A tous plaisant et de dieu auouee,”

it proceeds,

“Et a vous tres noble prince excellant,

Dorliens duc loys, de grant renom,

Filz de Charles Roy quint de cellui nom,

Qui fors le roy ne congnoiscez greigneur,

Mon tres loue et redoubte seigneur,

Dumble vouloir moy, poure creature,

Femme ignorant, de petite estature,

Fille iadis philosophe et docteur,

Qui conseiller et humble seruiteur

Vostre pere fu, que dieu face grace,

Et iadis vint de Boulongne la grace,

Dont il fu ne, par le sien mandement,

Maistre Thomas de pizan, autrement

De Boulonge, fu dit et surnomme,

Qui sollempnel clerc estoit renomme.”

This is the dedication which appears, not only in some other MSS. but in the edition printed by Philippe Pigouchet at Paris, probably in 1490, under the title Les cent histoires de troye.[83] Of the other three manuscript copies in the British Museum, Royal MS. 14 E. ii. (f. 294) and 17 E. iv. (f. 272) have no dedication at all, while that in Harley MS. 219 (f. 106) appeals to a third patron:

“Prince excellent de haute renommee,

De qui grand vois par le mond est semee,

Tres noble en fais, sage, duit et apris

De touz les biens qui en bon sont compris,

Roy noble et haut chiualer conquerour,

Digne destre par vaillaunce Emperour,

A vous puissant, tres redoute seignour,

Qui dessur vous ne cognoise greignour,

Soit tres humble recommendacioun

Deuant mise de vray entencioun

De par moy que en sagesse non digne

Femme ignorant suy nommee Cristine,

Fille iadis philosophe et docteur,

Qui conseiller fu, humble seruiteur

Au Roy Charles quint, qui dieu face grace.”

The king who is thus addressed can be no other than the unfortunate Charles VI., although any hopes that he once excited had by this time been dispelled by his strange intermittent fits of insanity, which dated from 1392. Very similar terms were employed in the dedication to him by name of the “Chemin de long estude” in 1402:

“A vous, bon roy de France redoubtable,

Le VIe Charles du nom notable,

Que Dieux maintienge en joie et en sante,

Mon petit dit soit premier presente,

Tout ne soit il digne qu’en telz mains aille,

Mais bon vouloir comme bon fait me vaille.”

In this instance, however, Christine associated with him his uncles Berry and Burgundy and his brother Orleans, who during his incapacity divided the real power between them:

“Et puis a vous, haulz ducs magnifiez,

Dicelle fleur fais et ediffiez,

Dont l’esplendeur s’espant par toute terre,

Par quel honneur fait los a France a querre.”

In her presentation copies she was not wont to measure her language, and probably Scrope’s extravagant eulogy of the Duke of Berry was based upon what he found in his MS., although, instead of translating the dedication as it stood, he chose to embody it in his preface.
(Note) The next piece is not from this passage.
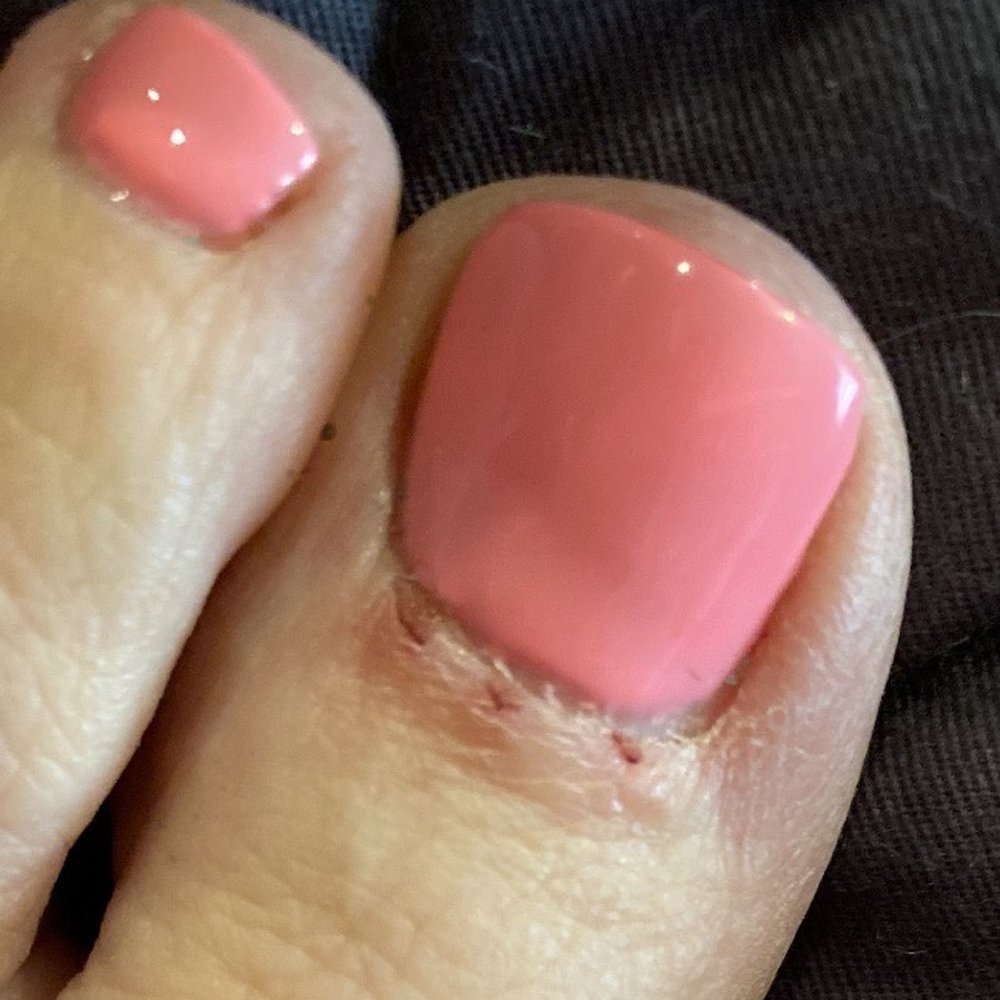 Super Nails One - Cut up :( - Nail Salons Near Me - Long Beach, California Super Nails One - Cut up :( - Nail Salons Near Me - Long Beach, California
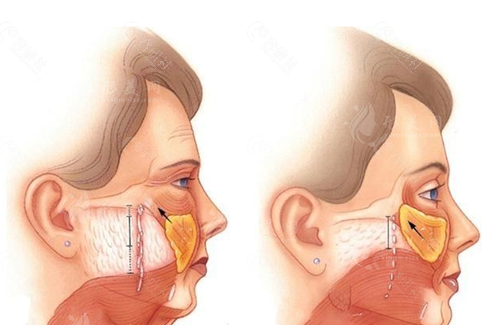 上海第九人民醫(yī)院拉皮：30000元起，告別皺紋困擾！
On the other hand, Christine of course was in no way responsible for the statement that the duke lived for a hundred years (p. 3). How it originated is a mystery, for there is no doubt whatever that he died on 15th June, 1416, at the age of seventy-six.[84] Jean Bouchet indeed in his Annales d’Aquitaine,[85] although he records the date of his death correctly, states that he was ninety or thereabouts, but he gives no authority, and it is enough to say that Berry’s father King John II. was born in 1319, and his eldest brother Charles V. in 1337. It will be seen that Scrope represents him as a perfect paragon of chivalrous qualities, unrivalled in his time both in war and in council, as well as for deeds of piety. In more sober history, however, he by no means appears to such advantage. His cultured and sumptuous tastes, his splendid buildings and his library and other rich collections, have shed a certain lustre on his name; but, as he showed especially in his government of Languedoc, he was cruel, rapacious, and unprincipled, and in critical times his life was that of a selfish and prodigal voluptuary. For war he had neither talent nor zest; his real element appears to have been diplomacy, and, apart from his patronage of art and letters and his benefactions to the church, his chief claim to credit rests on his repeated attempts to mediate between the Burgundian and Orleanist factions. Scrope’s estimate of him is in striking contrast with that of modern historians, such as Raynal[86] and Martin, the latter of whom in recording his death writes, “Ce prince laissa une mémoire souillée entre toutes dans cette êpoque de souillures. Il joignait à bien d’autres vices le vice que la France pardonne le moins à ses chefs, le péché irremissible, la lâcheté.”[87]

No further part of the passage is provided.